Sheinbaums Sieg war zwar von den Mexiko-Experten durchaus erwartet worden, nicht aber das tatsächliche Ausmaß des Erfolgs. Die Umfragedaten und die Aussagen von Politikexperten ließen zwar auf einen Sieg der Morena-Partei schließen, doch mit einer Super-Mehrheit rechnete niemand. Wie sind diese Ergebnisse zu interpretieren? Angesichts der Tatsache, dass die Morena-Partei eine Vielzahl von Gruppierungen und Standpunkten umfasst, ist die mexikanische Bevölkerung unserer Ansicht nach nicht unbedingt nach links gerückt. Es sieht vielmehr so aus, als sei es der Opposition nicht gelungen, die Wähler zu den Urnen zu locken, sodass Morena bei einer Wahlbeteiligung, die hinter den Erwartungen zurückblieb, eine Super-Mehrheit erringen konnte.

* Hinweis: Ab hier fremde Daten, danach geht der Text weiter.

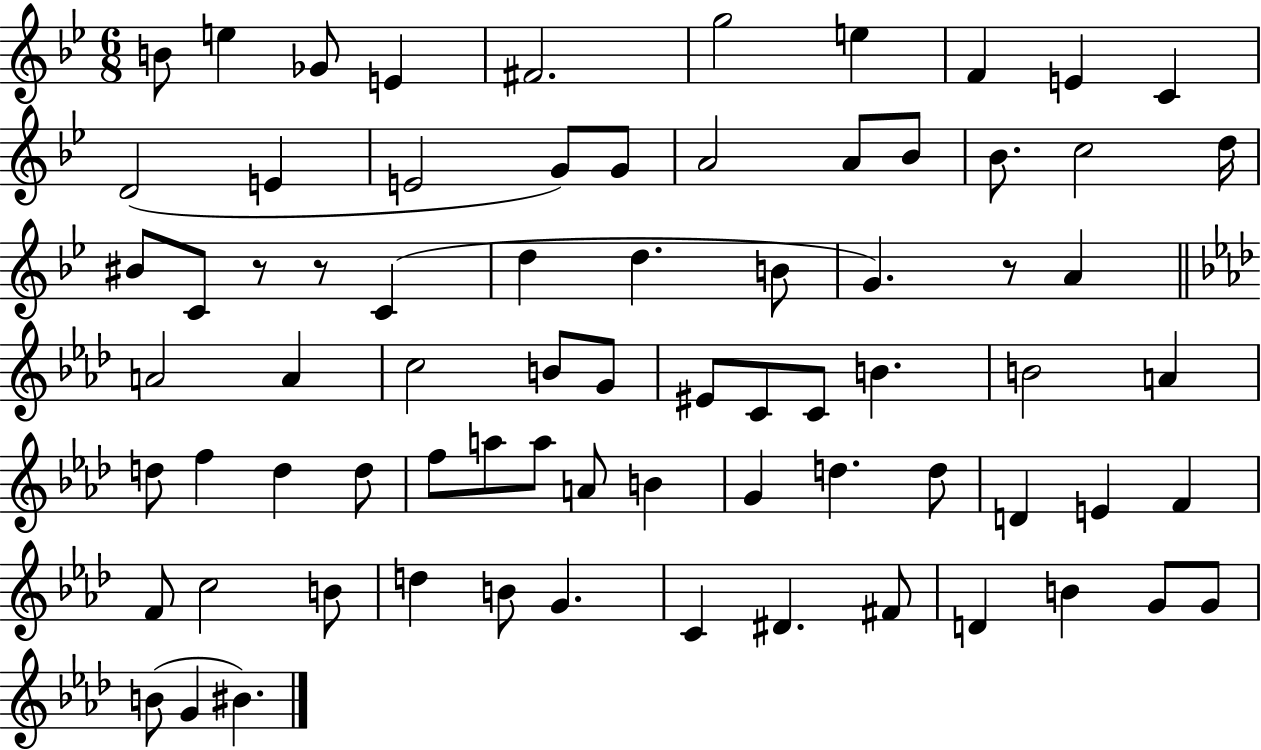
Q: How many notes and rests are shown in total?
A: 74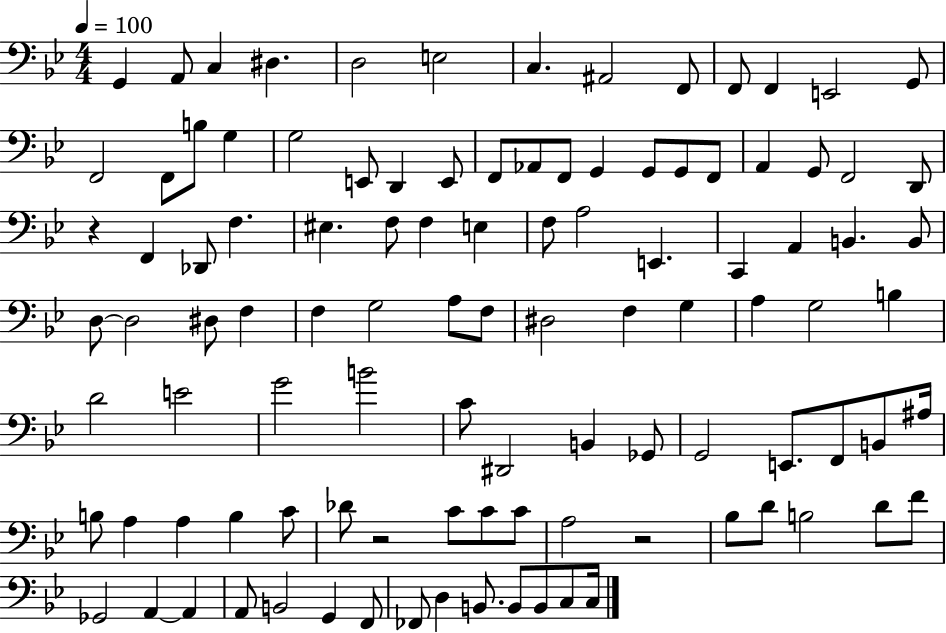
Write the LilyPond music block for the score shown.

{
  \clef bass
  \numericTimeSignature
  \time 4/4
  \key bes \major
  \tempo 4 = 100
  g,4 a,8 c4 dis4. | d2 e2 | c4. ais,2 f,8 | f,8 f,4 e,2 g,8 | \break f,2 f,8 b8 g4 | g2 e,8 d,4 e,8 | f,8 aes,8 f,8 g,4 g,8 g,8 f,8 | a,4 g,8 f,2 d,8 | \break r4 f,4 des,8 f4. | eis4. f8 f4 e4 | f8 a2 e,4. | c,4 a,4 b,4. b,8 | \break d8~~ d2 dis8 f4 | f4 g2 a8 f8 | dis2 f4 g4 | a4 g2 b4 | \break d'2 e'2 | g'2 b'2 | c'8 dis,2 b,4 ges,8 | g,2 e,8. f,8 b,8 ais16 | \break b8 a4 a4 b4 c'8 | des'8 r2 c'8 c'8 c'8 | a2 r2 | bes8 d'8 b2 d'8 f'8 | \break ges,2 a,4~~ a,4 | a,8 b,2 g,4 f,8 | fes,8 d4 b,8. b,8 b,8 c8 c16 | \bar "|."
}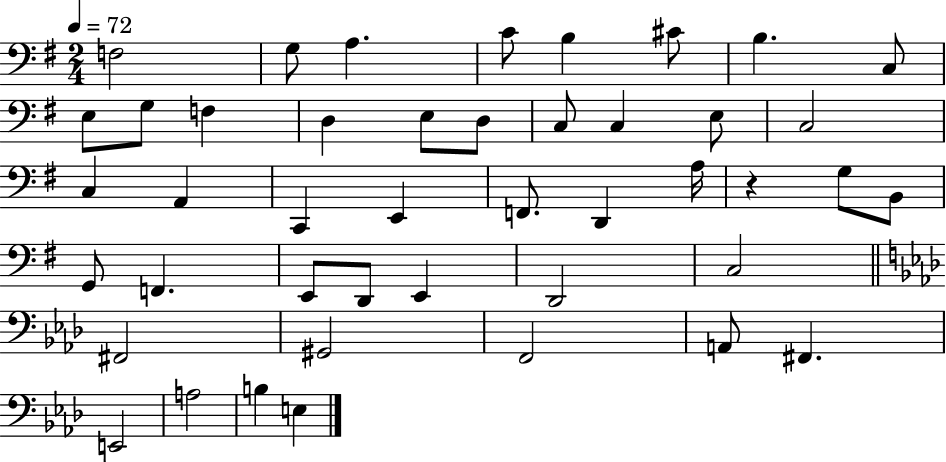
{
  \clef bass
  \numericTimeSignature
  \time 2/4
  \key g \major
  \tempo 4 = 72
  f2 | g8 a4. | c'8 b4 cis'8 | b4. c8 | \break e8 g8 f4 | d4 e8 d8 | c8 c4 e8 | c2 | \break c4 a,4 | c,4 e,4 | f,8. d,4 a16 | r4 g8 b,8 | \break g,8 f,4. | e,8 d,8 e,4 | d,2 | c2 | \break \bar "||" \break \key aes \major fis,2 | gis,2 | f,2 | a,8 fis,4. | \break e,2 | a2 | b4 e4 | \bar "|."
}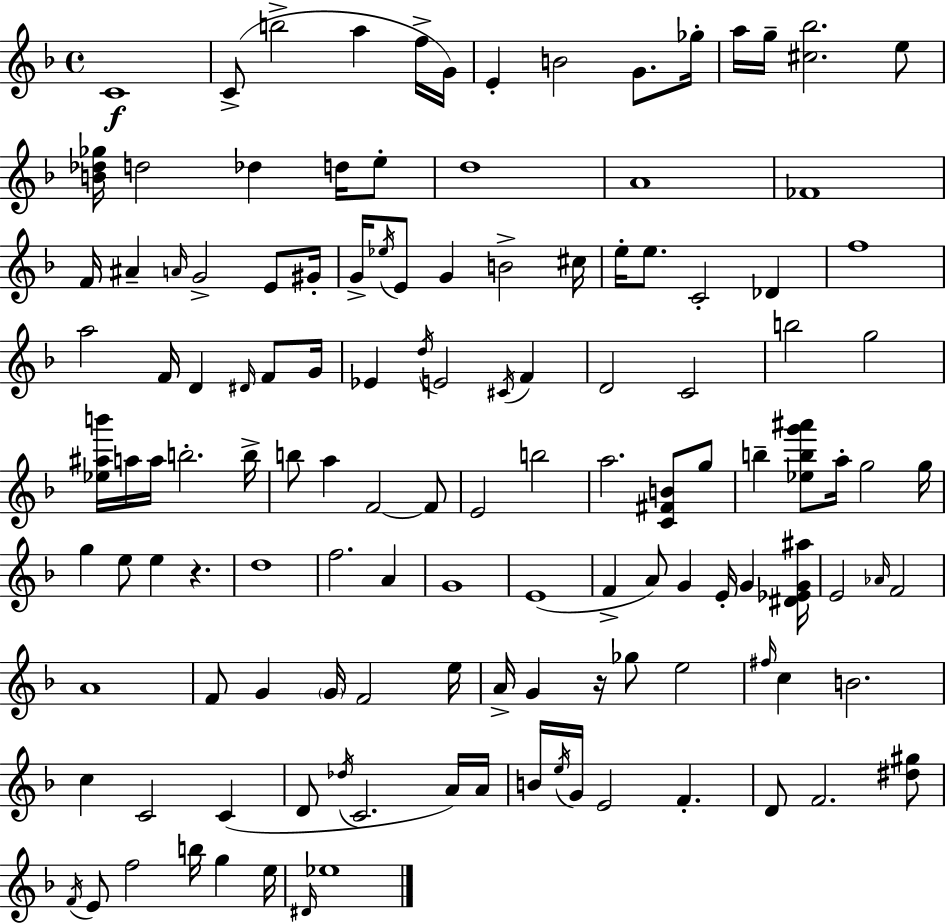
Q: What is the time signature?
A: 4/4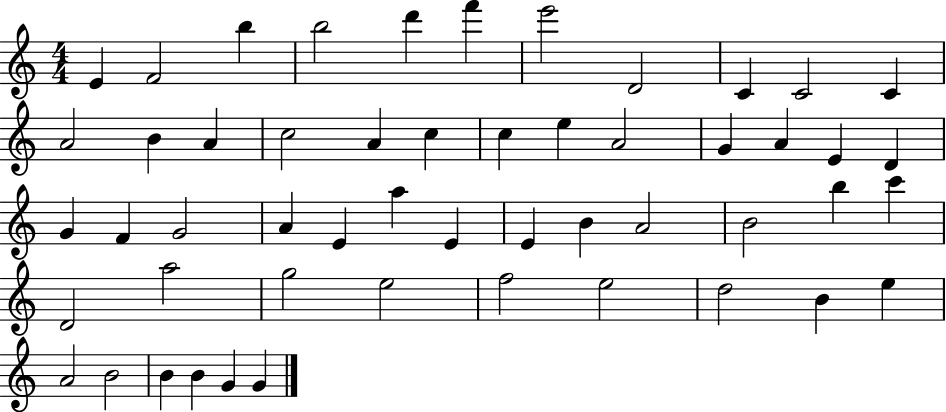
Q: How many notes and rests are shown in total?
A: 52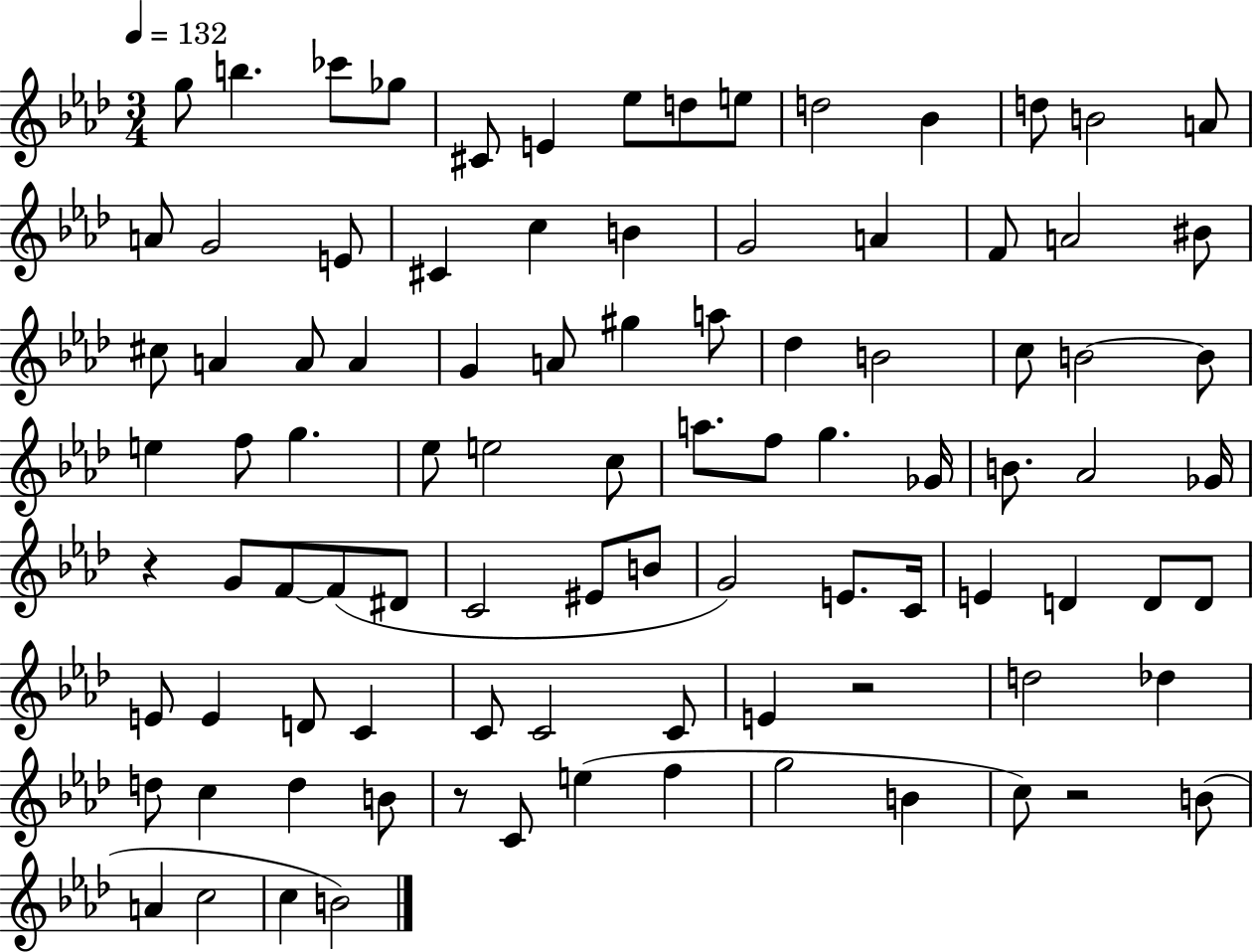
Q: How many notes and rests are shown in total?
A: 94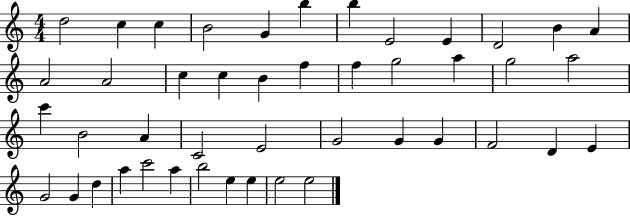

Damit steht Mexiko an einem entscheidenden Wendepunkt in der Geschichte. Die Präsidentschaft Sheinbaums wird mit einer einzigartigen Machtkonzentration einhergehen – zu einer Zeit, in der das Land wohl stark von den Handelskonflikten zwischen den USA und China profitieren wird. Sie muss die Beziehungen Mexikos zur nächsten US-Regierung (ob Trump oder Biden) mit viel Fingerspitzengefühl pflegen und gleichzeitig die Sicherheits- und Infrastrukturbedingungen im eigenen Land verbessern. In beiden Bereichen gibt es erhebliche Engpässe, die Mexiko daran hindern, die Vorteile der Nearshoring-Trends voll auszuschöpfen. Wenn sie die wirtschaftlichen Chancen nutzen will, die sich aus der aktuellen geopolitischen Lage ergeben, benötigt sie die Unterstützung der Anleger und des Privatsektors. Dies hat wohl auch dazu beigetragen, dass sie sich den Märkten unmittelbar nach der Wahl angenähert hat. Nun muss sie die Ziele und Kosten klar darlegen, um sich das Vertrauen der Anleger zu sichern.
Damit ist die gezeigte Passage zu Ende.